Egeland said 4 million people in the region and in Chad, where many civilians from Darfur have fled, needed emergency assistance, but the Sudanese government was not helping aid agencies to get relief in.

Chad on Wednesday proposed moving more than 200,000 Sudanese refugees far away from its violent eastern border with Sudan. Foreign Minister Ahmat Allam-Mi repeated accusations that the Sudanese government was backing rebels seeking to end President Idriss Deby’s rule in Chad.

“Chad is in a state of war,” he said. He was careful to add N’Djamena was not declaring war on Sudan.

A senior Sudanese official from Darfur denied the situation had worsened.

“There is an international campaign to offer false data to international public opinion, including this Council,” Dr. Farah Mustafa, deputy governor of the state of South Darfur, told the U.N. rights body meeting in Geneva.

“The information about hundreds of thousands of killed is untrue,” he said.

TRIBAL MILITIAS

Mostly non-Arab rebels took up arms in early 2003, accusing the central government of marginalising the arid area. Khartoum mobilised tribal militias to quell the revolt.

Those militias now stand accused of a campaign of rape, murder and pillage which Washington calls genocide. Khartoum denies genocide and the International Criminal Court is investigating alleged war crimes.

Aid agencies are trying to help some 2.5 million Darfuris driven from their homes in 3-1/2 years of conflict.

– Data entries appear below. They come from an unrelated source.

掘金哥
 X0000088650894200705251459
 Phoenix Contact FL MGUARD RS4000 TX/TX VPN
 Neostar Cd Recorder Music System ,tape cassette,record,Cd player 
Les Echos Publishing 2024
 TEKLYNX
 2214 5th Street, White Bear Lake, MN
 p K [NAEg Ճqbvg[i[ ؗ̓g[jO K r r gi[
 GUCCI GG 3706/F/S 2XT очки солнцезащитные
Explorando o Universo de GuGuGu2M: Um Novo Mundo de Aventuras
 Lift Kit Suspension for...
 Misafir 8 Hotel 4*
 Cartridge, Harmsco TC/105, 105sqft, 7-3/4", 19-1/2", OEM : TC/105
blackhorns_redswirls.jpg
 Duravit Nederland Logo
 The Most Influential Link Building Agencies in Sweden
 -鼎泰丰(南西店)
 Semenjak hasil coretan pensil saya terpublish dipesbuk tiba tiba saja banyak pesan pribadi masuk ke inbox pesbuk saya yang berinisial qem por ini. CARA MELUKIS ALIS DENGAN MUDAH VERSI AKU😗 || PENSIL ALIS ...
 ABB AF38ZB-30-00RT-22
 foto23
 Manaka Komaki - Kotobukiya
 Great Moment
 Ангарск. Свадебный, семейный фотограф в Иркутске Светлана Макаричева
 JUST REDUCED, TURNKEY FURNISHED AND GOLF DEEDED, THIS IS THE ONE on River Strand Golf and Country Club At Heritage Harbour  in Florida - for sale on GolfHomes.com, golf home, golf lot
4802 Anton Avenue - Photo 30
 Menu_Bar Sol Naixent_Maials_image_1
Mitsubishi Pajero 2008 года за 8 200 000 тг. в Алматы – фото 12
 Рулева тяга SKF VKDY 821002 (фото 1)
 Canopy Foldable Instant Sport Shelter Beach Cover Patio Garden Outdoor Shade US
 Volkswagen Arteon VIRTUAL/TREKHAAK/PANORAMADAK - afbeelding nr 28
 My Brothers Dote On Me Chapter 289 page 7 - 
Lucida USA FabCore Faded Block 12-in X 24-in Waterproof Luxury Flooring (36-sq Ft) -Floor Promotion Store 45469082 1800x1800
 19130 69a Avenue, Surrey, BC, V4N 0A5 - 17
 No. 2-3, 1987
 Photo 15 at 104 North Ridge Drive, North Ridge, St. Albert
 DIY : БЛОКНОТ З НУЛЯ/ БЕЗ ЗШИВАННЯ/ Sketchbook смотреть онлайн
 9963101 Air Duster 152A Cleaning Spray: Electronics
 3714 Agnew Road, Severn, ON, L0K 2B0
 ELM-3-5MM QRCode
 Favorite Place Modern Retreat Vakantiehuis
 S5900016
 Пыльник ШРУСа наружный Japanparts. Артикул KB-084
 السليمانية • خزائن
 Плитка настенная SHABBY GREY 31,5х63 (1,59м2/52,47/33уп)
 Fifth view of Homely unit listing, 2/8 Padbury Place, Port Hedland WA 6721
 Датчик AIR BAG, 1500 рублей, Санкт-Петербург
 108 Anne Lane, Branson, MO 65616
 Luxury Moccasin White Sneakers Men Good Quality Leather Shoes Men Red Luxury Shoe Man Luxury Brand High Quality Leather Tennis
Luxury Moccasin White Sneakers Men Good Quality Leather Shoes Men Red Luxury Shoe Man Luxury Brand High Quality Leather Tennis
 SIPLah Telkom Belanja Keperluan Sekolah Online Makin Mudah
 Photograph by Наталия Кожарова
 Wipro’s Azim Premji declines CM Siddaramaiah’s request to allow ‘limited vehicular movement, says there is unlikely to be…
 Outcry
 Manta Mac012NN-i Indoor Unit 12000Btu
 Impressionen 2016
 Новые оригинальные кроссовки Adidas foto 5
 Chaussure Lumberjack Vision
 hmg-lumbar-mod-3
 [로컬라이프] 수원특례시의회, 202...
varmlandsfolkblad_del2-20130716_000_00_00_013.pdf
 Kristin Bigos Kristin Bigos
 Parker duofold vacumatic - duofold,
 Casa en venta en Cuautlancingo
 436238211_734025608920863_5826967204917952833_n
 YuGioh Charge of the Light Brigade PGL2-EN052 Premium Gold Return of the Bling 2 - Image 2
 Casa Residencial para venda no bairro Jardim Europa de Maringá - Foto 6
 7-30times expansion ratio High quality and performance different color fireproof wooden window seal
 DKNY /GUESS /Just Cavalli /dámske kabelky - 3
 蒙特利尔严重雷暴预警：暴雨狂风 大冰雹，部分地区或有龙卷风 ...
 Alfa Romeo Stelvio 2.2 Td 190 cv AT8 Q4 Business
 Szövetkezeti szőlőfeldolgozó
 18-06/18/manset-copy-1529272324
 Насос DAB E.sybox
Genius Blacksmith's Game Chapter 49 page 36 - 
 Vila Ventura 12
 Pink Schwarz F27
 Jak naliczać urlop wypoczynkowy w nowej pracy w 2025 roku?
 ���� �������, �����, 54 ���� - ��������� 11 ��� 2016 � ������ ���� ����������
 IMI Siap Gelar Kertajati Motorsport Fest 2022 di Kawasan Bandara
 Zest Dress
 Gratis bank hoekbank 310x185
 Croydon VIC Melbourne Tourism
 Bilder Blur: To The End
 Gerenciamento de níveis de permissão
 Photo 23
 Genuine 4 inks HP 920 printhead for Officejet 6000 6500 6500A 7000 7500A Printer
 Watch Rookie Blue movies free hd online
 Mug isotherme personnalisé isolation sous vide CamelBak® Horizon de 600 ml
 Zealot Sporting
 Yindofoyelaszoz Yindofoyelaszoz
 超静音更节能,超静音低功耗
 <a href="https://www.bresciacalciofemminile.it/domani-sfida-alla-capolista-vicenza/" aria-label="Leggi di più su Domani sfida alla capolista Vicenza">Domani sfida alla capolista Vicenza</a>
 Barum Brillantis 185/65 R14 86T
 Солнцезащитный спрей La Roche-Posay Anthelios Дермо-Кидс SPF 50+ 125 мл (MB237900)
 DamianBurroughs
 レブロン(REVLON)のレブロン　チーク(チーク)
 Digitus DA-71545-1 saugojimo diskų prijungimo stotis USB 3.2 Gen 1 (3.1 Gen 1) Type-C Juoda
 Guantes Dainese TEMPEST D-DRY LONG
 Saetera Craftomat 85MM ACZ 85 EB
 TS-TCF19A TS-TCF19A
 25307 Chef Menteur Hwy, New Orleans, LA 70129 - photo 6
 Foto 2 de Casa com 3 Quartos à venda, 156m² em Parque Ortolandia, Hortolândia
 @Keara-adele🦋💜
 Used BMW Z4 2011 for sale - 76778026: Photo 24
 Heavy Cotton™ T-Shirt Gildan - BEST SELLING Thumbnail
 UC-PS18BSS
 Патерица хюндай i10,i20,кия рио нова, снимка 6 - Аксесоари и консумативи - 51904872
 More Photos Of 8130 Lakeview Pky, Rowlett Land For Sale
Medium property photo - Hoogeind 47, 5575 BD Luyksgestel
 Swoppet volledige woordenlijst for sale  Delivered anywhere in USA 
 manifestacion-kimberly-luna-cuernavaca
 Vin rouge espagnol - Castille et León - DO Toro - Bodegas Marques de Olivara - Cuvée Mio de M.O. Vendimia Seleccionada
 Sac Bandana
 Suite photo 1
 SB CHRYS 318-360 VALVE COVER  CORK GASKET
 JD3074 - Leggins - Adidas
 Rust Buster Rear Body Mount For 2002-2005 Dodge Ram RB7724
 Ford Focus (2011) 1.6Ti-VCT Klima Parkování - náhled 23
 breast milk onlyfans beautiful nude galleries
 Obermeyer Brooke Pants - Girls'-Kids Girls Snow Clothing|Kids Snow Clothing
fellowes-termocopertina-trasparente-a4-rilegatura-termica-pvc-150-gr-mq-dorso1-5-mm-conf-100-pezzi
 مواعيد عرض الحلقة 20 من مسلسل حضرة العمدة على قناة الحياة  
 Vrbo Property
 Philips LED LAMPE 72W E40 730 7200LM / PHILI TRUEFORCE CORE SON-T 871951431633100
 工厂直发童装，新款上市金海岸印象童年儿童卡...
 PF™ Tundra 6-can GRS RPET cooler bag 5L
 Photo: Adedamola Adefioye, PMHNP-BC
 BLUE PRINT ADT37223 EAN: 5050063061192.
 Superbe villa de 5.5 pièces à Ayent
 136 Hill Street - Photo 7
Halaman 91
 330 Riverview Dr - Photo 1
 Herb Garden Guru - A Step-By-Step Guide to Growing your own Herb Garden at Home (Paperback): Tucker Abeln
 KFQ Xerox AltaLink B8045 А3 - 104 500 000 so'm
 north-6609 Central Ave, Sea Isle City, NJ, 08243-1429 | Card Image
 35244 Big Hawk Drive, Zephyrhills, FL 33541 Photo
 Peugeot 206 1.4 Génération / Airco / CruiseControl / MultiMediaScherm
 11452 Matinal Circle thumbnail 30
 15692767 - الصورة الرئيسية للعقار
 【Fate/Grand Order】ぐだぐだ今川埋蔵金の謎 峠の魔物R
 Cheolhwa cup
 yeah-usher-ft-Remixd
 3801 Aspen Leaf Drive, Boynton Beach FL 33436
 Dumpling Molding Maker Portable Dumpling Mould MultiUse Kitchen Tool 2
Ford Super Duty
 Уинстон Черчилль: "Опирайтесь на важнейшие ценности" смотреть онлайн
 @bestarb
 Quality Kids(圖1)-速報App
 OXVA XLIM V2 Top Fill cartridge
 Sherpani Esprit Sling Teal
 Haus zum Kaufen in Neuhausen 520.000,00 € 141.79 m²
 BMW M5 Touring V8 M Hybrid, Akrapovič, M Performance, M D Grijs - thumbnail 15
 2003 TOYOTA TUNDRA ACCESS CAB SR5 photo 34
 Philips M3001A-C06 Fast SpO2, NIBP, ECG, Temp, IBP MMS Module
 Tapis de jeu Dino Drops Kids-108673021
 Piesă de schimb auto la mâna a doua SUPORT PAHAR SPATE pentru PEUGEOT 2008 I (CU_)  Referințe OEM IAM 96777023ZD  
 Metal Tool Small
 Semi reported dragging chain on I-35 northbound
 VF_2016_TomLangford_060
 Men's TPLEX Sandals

Experts estimate about 200,000 have been killed, a figure Khartoum disputes, saying 9,000 have died.

The United Nations on Wednesday condemned the expulsion by Sudan earlier this month of a Norwegian aid agency from Darfur, saying there was no clear justification for the move.

“Their expulsion threatens to create a significant vacuum in terms of humanitarian service provision in South Darfur and places a greater strain on existing humanitarian operations,” Sudan’s U.N. humanitarian coordinator Manuel Aranda Da Silva said in a statement.

In Geneva, Arbour said U.N. monitors were reporting that attacks by government-allied militias were continuing and the militias were consolidating in government-controlled areas where they were receiving more weapons.

Mustafa said that, if Arbour had evidence of government collusion with militias, she should produce it.

In Khartoum, presidential adviser Mustafa Osman Ismail said Sudan’s position against the deployment of U.N. troops in Darfur prevailed at talks with U.N. Secretary-General Kofi Annan in Ethiopia earlier this month.

A communique announced by Annan and approved by Sudan on Nov. 16 in Addis Ababa, said “a hybrid operation” of U.N. and African Union (AU) troops was agreed in principle, pending clarification of the size of the force.

“The talk now is about African troops, African control and an African command,” Ismail said. Sudan has only accepted U.N. support in logistics, finance and in providing military and police experts, he said.

The AU Peace and Security Council was due to meet in the Nigerian capital Abuja on Thursday to discuss the future of its 7,000-member force in Darfur.

The body is expected to extend the mandate of the under-funded and ill-equipped force of 7,000 that has been unable to stop the violence in Darfur despite the May peace agreement. The force’s mandate expires on Dec. 31.